Jesus is on the road to Jerusalem. We hear him sending disciples out to each town that he wants to visit. And he gives his famous instructions about them shaking the dust from the feet of those who will not accept (Gospel).

Just before this, Jesus was recruiting followers. He did it in tough language (“Let the dead bury their dead!”), and now he is giving army-like instructions as to how the seventy-two disciples are to act when they go journeying to the towns (“Carry no money bag, no sack, no sandals”). In light of what we saw during Holy Week, are you and I ready to be recruited to this kind of life? 

We too are sent out to spread news of the kingdom, just as the disciples were. It is not a duty imposed by guilt or command, but by gratitude for the great goodness of God. This grace comes to each of us and to all of us—as liturgical spirituality would say—especially in this time of world and individual chaos.

We see Jesus emerging from and living out of love. When a person is cared for, gratefulness is the obvious response. We see Jesus acting with gratitude and self-surrender, even on the cross.

We are to imitate him.

So let us look more closely to find what he was responding to.

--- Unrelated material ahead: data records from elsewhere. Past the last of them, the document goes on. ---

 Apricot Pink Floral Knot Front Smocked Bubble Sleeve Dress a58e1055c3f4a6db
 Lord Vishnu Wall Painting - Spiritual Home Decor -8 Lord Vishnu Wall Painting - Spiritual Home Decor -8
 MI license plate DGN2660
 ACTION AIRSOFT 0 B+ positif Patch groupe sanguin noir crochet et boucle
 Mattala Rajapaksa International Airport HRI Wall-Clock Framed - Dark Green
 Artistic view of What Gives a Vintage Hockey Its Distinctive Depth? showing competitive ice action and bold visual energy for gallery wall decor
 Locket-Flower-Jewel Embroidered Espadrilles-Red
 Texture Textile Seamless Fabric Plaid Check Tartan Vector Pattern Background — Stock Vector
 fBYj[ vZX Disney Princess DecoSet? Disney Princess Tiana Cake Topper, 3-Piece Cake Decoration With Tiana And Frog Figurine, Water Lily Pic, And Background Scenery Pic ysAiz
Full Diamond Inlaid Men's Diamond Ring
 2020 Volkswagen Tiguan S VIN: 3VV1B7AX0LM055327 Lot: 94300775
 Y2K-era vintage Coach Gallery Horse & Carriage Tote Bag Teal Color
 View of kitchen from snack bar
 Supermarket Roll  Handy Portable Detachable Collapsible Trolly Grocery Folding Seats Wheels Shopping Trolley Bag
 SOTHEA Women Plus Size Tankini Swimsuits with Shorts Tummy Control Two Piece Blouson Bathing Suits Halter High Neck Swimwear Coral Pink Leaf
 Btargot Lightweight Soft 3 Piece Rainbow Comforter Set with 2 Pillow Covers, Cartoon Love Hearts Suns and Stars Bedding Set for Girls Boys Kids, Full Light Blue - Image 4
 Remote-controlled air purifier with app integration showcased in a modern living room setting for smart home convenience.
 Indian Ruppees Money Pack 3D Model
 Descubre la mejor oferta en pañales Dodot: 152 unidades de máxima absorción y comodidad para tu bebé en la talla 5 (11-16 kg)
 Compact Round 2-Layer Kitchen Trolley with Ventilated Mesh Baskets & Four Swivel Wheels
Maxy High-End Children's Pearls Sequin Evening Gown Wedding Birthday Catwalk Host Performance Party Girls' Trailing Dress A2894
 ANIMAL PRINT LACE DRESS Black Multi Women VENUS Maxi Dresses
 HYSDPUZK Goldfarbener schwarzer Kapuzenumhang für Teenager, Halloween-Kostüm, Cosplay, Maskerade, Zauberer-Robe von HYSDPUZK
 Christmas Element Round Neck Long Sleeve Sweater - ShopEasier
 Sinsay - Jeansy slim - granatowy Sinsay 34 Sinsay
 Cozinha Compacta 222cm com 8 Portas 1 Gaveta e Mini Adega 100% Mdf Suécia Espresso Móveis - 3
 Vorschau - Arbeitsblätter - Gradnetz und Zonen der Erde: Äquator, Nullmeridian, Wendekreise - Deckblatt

Real love, once truly given and accepted, cannot be erased.

One answer could be a theoretical one about the Trinity, about Jesus being the Christ, close to the Father, and receiving everything. Gratitude is at the heart of the Trinity.

But on Sunday we will have very earthy images. Take a look at the beautiful First Reading. It is a “welcome home” for a people who had been exiled from Jerusalem, who had hung up their harps because their broken hearts simply could not sing in captivity.


The Lord tells them to

suck fully of the milk of [Jerusalem’s] comfort, that you may nurse with delight at her abundant breasts! … As nurslings, you shall be carried in her arms, and fondled in her lap; as a mother comforts her child, so will I comfort you. (Is 66:11 ff)

These are Godly, mothering images, immediate, compelling. It is the peace given by God’s motherhood. It is the grace which our lives, our wild and wooly lives, try to emerge out of and journey back to! 


Surely a reality must have given Jesus courage on the cross.

As a baby, he had been comforted at the breast of his mother Mary, but also of the Holy Spirit herself. Notice that on the cross he would ask that most terrible question, “Why have you forsaken me?” His hope-against-hope, his memory of love against hate, these must have given him bravery, even while enmeshed in sin and danger and death.

This fullness shown forth in Jesus is what we also will remember, one in which we are loved, which sends us into the world even when we cannot recall the fond love that God had for our wriggling, snotty, childish selves. We can still call to mind what we knew of it in the past, and look for it in our adulthood at this very moment.

You know, real love, once truly given and accepted, cannot be erased. The comfort that fondled us as babies still nestles near the very center of our selves.
We need to recall it. 


If we have to search for it, as Jesus seemed to, then we must wait and hope and pray, and not give up. Jesus did not give up, on the cross or on the road to it.